出てきたのは担任の先生で、私の作業着姿を一目見るや、
「あらー、お仕事中にご苦労様ですー」
そう言いつつ、奥から真っ赤な娘を連れてきた。娘はモジモジした仕草で靴を履き、こちらをチラリ窺うと、
「おっとー、ごめんねぇ」
しおらしく、実にしおらしく、そのように言い、
「おっかーが来ると思っとった。でも、おっとーが来たけんビックリした。仕事中にごめんねぇ」
私の顔をじっと見据え、そう言い放ったのだ。
そこは幼稚園の玄関。先生の前であった。先生の前であったが、私は猛烈に感動した。これだけの感動は「おしん」の再放送を見た以来であろう。
五歳の誕生日を数日後に控えた小さき娘がこうも成長した姿に驚き、そして大人である私でさえも吐けない気の利いたセリフをサラリと言ってのけた娘、感動せずにはいられなかった。
「馬鹿言うな。
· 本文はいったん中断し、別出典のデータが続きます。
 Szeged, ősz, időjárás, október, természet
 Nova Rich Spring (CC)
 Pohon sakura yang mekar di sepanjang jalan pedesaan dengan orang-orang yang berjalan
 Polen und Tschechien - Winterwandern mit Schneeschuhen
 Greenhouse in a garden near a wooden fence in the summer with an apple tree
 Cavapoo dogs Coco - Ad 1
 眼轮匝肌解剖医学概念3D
仕事よっか春が大事に決まっとるた」
「でも、おっとーが働かんとゴハンが食べられんたい」
「子供がそぎゃんこと言うな。仕事して金稼いだっちゃ・・・」
胸が詰まった。
「・・・春は買えんとぞ」
目の前で繰り広げられる浪花節真っ青の茶番に、担任の先生はきっとムナヤケしただろう。もし、私の前で同レベルの茶番が繰り広げられたら氷水をぶっかけるかもしれない。
が、当の本人は押し寄せる感動のため、全く周りが全く見えていない。
その度合いがどれほどであったか、帰りの車内、その会話を聞いてもらう事で分かって頂けると思う。
「おっとー、春を幾らだったら売るね?」
「500億だな」
「それは車よりも高いとね?」
「高い、高い、家よりも高い。そうやねぇ、春に値段はつけられんなぁ」
「おっとーは優しいねぇ」
「むふふ」
「うふふ、うふふふふ」
馬鹿本番、春の足音が近付いている。